The program takes a few minutes to run, all speeds below will be reported in “runs per hour”, hence 3600 divided by the runtime in seconds. These numbers should be taken as approximations. I did make sure no other programs were running, but of course, the performance of a system depends on all sorts of details such as memory speeds, processor cooling, power management settings etc, which I did not investigate in detail.
For reference, I measured the speed on one of the University’s compute cluster nodes. There are nodes with various different specifications, this particular one has (several) Xeon 6342 processors, each of which comes with 24 cores/48 threads at 2.8GHz base and 3.5GHz turbo frequency. I tested it up to 24 threads, which therefore all run on physical cores on the same CPU, and the performance shows a nice regular increase. A single thread reaches around 1.4 runs/h, but with increasing number of threads, the efficiency decreases. This has two reasons: Firstly, the CPU itself probably runs at highest boost frequency with a single thread, but at a lower frequency under full load. Secondly, the parallelization in the program is never quite perfect: For example, starting and synchronizing many parallel threads introduces certain overload and wait times, not every workload can be distributed evenly on any number of threads, the parallel memory access might block each other, and so on. In fact, the present program parallelizes remarkably well, at 24 threads we reach around 17 runs/h, or 0.7 per thread.

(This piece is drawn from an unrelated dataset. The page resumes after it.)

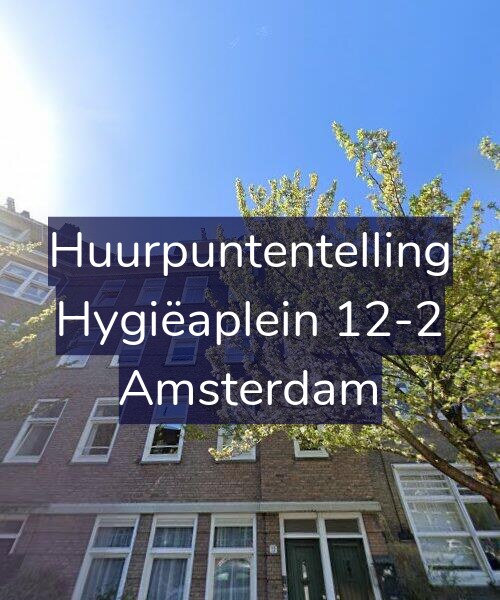 Foto gevel Huurpuntentelling voor Hygiëaplein 12-2, Amsterdam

Now, let’s compare this to a typical desktop processor: A Ryzen 7 5800 with 8 physical cores with 2 threads each, at a base frequency of 3.4GHz and boost frequency of 4.6GHz. This particular machine is water cooled and runs at around 4.1GHz even under full load. This can be seen from the plots below: Up to 8 threads, the performance per thread decreases only slightly. At more than 8 threads, there is a substantial drop in performance, this is probably caused by using simultaneous multithreading on the same physical cores setting in: Running two SMT threads on one hardware core is not as fast as having two hardware cores. Another, smaller, reduction in performance is visible when going from 4 to 5 threads. This processor consists of two core complexes with 4 cores each, the effect might be caused from the second core complex getting involved, but maybe there is some other mechanism.

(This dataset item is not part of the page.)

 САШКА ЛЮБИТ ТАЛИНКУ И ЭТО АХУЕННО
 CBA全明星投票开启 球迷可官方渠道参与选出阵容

The peak performance of the Ryzen 5800 is reached at 16 threads. Performance collapses when more threads are being started. Apparently, these threads block each other and make the overall computation slower.
Incidentally, I had access to a quite similar processor, but for notebooks: The Ryzen 7 pro 6850H has 8 cores / 16 threads as well, but with 3.2 and 4.7GHz frequencies. Since it is not water cooled, the performance decreases a bit quicker with thread count than the desktop. Still, given the lower power consumption of 45W vs 65W, I was surprised that the laptop got so close to the desktop. Secondly, this CPU shows horrific performance specifically at 16 threads. I don’t know why this is, but it persisted over several repetitions.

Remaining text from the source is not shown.